Abbadia a Isola, lungo il tratto della Via Francigena che attraversa la Val d’Elsa, è un piccolo tesoro che conduce ad altri, pievi romaniche immerse nella campagna toscana
E’ stato il nome ad incuriosirmi.
Abbadia a Isola.
Siamo nel bel mezzo della campagna attorno a Monteriggioni, perché questa ‘Isola’ nel nome?
A volte è anche una piccola curiosità che mi fa salire in macchina e mi spinge ad esplorare.
Ma poi dove si trova di preciso Abbadia a Isola? Guardando sulla mappa, mi appare come un grumo di case rannicchiate lungo la Via Francigena.
La spiegazione affiora da uno specchio d’acqua. Abbadia a Isola è un’abbazia benedettina risalente all’anno Mille, all’epoca circondata da un lago-palude (Padule del Cannetto).
Era un’Abbazia fiorente, al confine tra Siena e Firenze, accoglieva i pellegrini che affrontavano la Francigena nel suo Spedale.
Avevo tutto sul tavolo: la Francigena, un’Abbazia romanica dell’XI secolo, la meravigliosa campagna toscana attorno.
Non mi restava altro che andare a vederla coi miei occhi!


ABBADIA A ISOLA E I MISTERIOSI SIMBOLI DEL ROMANICO
Attraverso il passaggio voltato che porta davanti alla Chiesa dei Santi Salvatore e Cirino e mi fermo davanti alla facciata.
Piano piano gli occhi salgono a raccogliere i dettagli scolpiti nella pietra: i fiori della vita, gli elaborati decori che corrono sopra gli archetti sospesi.
Animali fantastici e volti, uno diverso dall’altro.
Una rarità, la chiesa aveva il portale gemino (cioè doppio), tipico delle chiese di pellegrinaggio.
L’architettura romanica: purezza di linee e densa simbologia.

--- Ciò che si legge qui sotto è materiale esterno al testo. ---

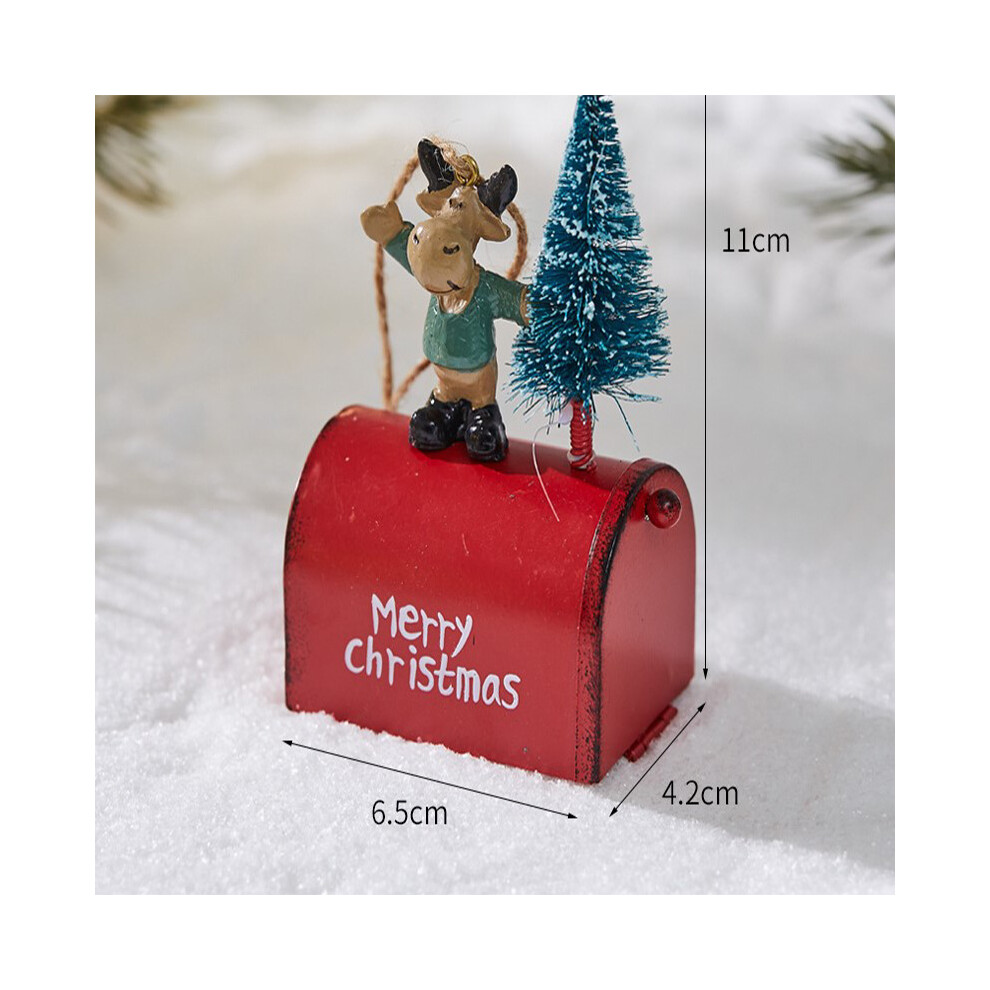 (red) Christmas Tree Hanging Decoration, Christmas Mailbox Iron Painting Decoration, Hanging Holiday Decorations, Bar and mall window props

L’interno è fresco, le tre navate, la copertura a capriate lignee, i tre absidi scandiscono il silenzio.
Abituo gli occhi alla poca luce, li lascio correre sull’oro del polittico quattrocentesco di Sano di Pietro, sui frammenti di affresco negli archi, sulla grande composizione nella navata sinistra.



Ma quello che cerco nelle architetture romaniche sono i capitelli. Sospendo il tempo per osservarli, mi interrogo sul loro messaggio.
Qui ad Abbadia a Isola trovo un capitello antico, con figure di Oranti, le braccia alzate al cielo.
Un altro, con singolari simboli: un nodo, un 8 o un simbolo di infinito, entrambi sulla stessa colonna.
La pietra è il veicolo cui centinaia di anni fa gli scalpellini affidarono il loro messaggio.
Noi oggi siamo capaci di comprenderlo nel profondo?
Cercare le pievi è seguire il filo di questo linguaggio antico.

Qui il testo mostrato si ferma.